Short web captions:
#####
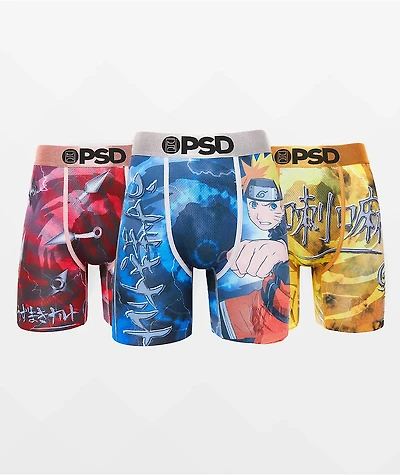 PSD x Naruto Shippuden Uzumaki 3 Pack Boxer Briefs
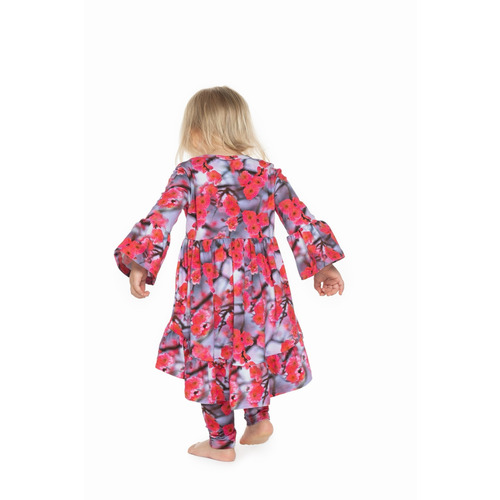 Ruffled tunic dress 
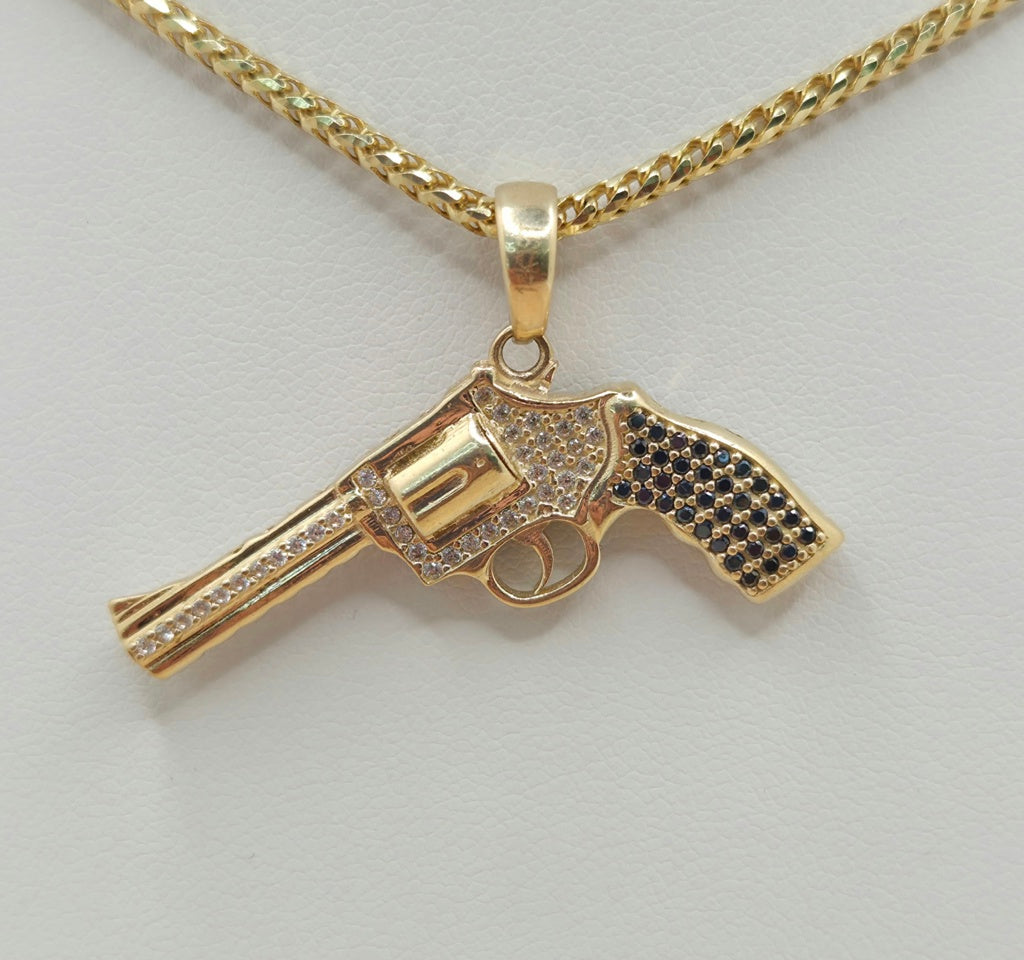 14K CZ GUN PENDANT – JY Jewelry Wholesale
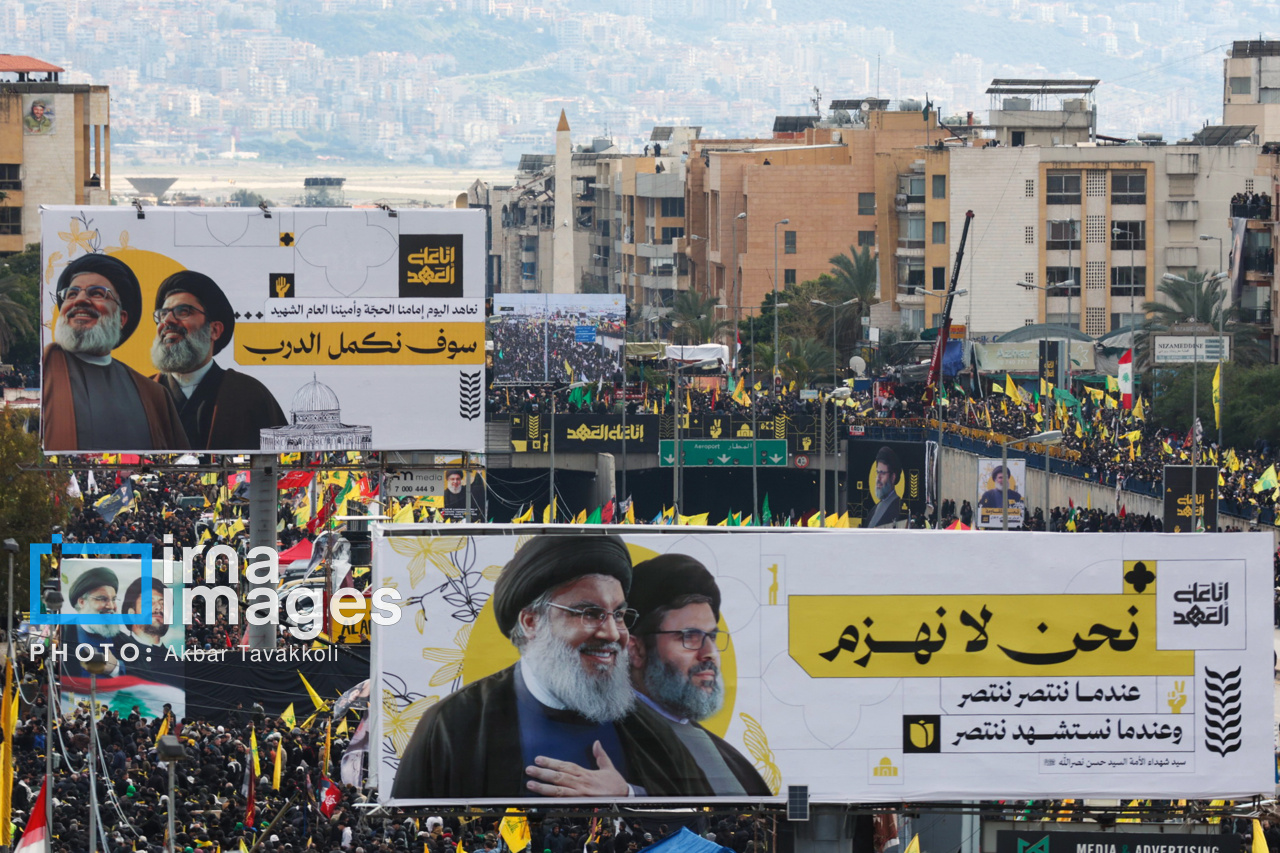 تشییع پیکر شهیدان «سید حسن نصرالله» و «سید هاشم صفی الدین»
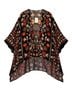 Easel 100% Rayon Floral Black Red Orange White Cardigan Size S - photo 1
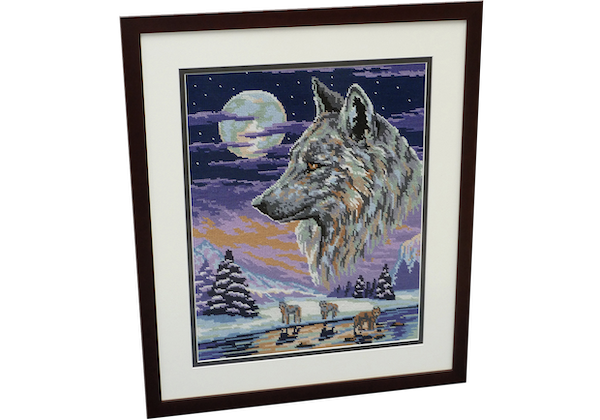 Framed Wolf Tapestry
#####
Nothing but the pictures is to be left out; repeat the data exactly.

 PSD x Naruto Shippuden Uzumaki 3 Pack Boxer Briefs
 Ruffled tunic dress 
 14K CZ GUN PENDANT – JY Jewelry Wholesale
 تشییع پیکر شهیدان «سید حسن نصرالله» و «سید هاشم صفی الدین»
 Easel 100% Rayon Floral Black Red Orange White Cardigan Size S - photo 1
 Framed Wolf Tapestry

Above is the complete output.